At Wednesday night’s city council meeting, I gave a speech explaining the importance of postponing the appointment to the soon-to-be vacant council seat of Councilor Rocha until after the election, and then I made a motion to do so. No one seconded it, and there was no council discussion on the topic. Then 4 citizens proceeded to testify that they thought we should postpone the appointment and/or appoint someone who is well qualified and nonpartisan; and 2 said it was fine to just appoint now. There has been a growing discontent among citizens about the council’s decision to rush the appointment process and ignore the voters, who are in the process of deciding who they want on council via the ballot.

In addition to the 8 letters to the editor requesting we postpone the appointment (which is a recent letter to the editor record) and many letters/testimonies given at the past two council meetings, many citizens that I’ve seen around town have whispered to me that they think I did the right thing by disagreeing with the majority a few weeks ago when they decided to appoint before the election.

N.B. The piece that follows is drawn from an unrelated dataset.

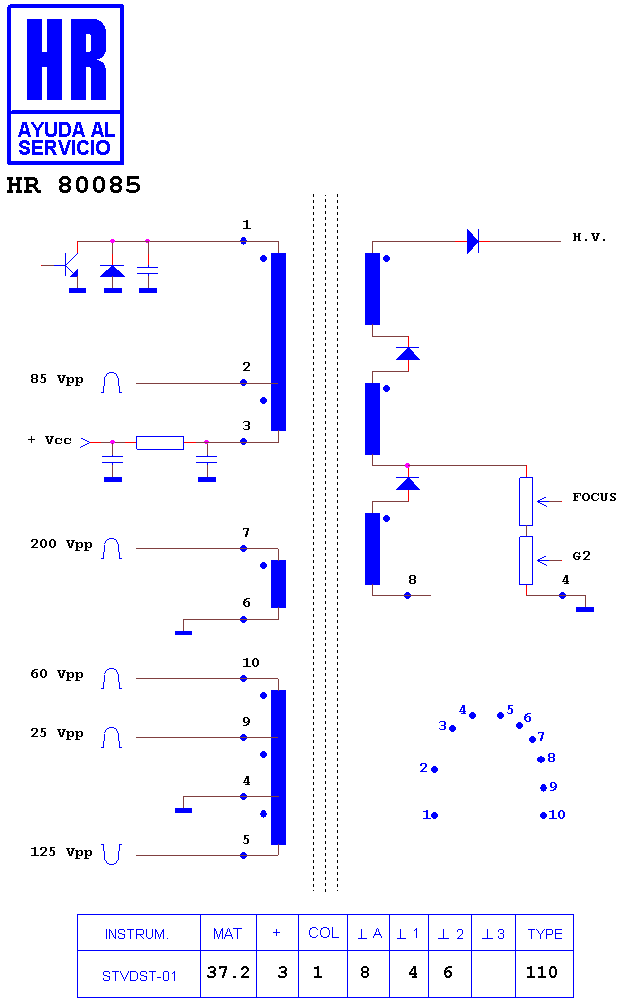Schematic diagram for HR 80085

So last night the mayor proceeded with the interview process of the 5 candidates. City council is a nonpartisan position. There were a lot of qualified candidates who have a lot of outreach skills and community ideas. The majority voted to appoint Tyler Smith, the Vice President of the Republican Party of Oregon, who is quoted on a YouTube video at a Clackamas Freedom & Prosperity meeting last year as saying: “Help us get the Democrats out of office.”

This is a nonpartisan position. Our job is to do what’s best for the all of the citizens of Canby. It concerns and disappoints me that this applicant has a clear and known agenda but was appointed in the middle of a contested election nonetheless. He will be sworn in on November 2, just 6 days before the final election results come in. At the conclusion of my speech I asked my fellow councilors: “Why do you think it’s in the best interest of the city to appoint tonight rather than delaying it for 2 weeks?” The mayor told me that there could be no discussion on the topic until after I made a motion, so I did, but because there was no second, there was no discussion and no vote.

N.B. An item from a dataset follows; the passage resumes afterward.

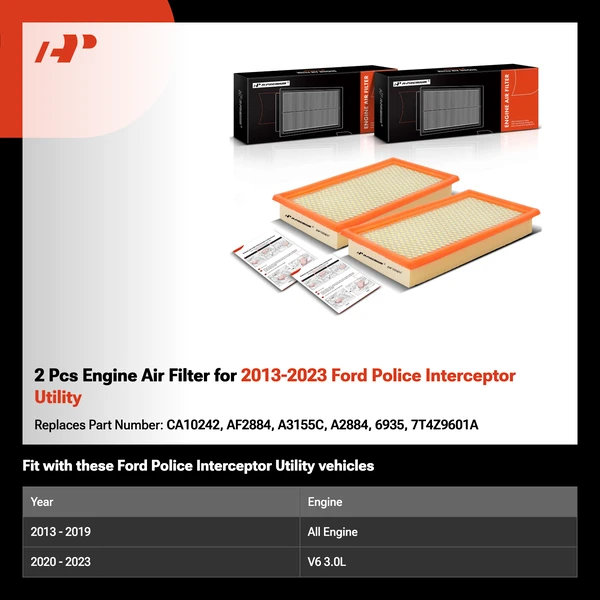 2 Pcs Engine Air Filter for 2013-2023 Ford Police Interceptor Utility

It is clear to me that this council has become too narrow and insular in its thinking if it so casually ignores the frustration of a large number of the public without even giving an explanation of its decision. There has been a lot of talk about the appearance of cronyism on city council. Last night was the perfect opportunity to address this publicly and exercise common sense, but instead the appearance of cronyism was reinforced. It was a sad sight to see.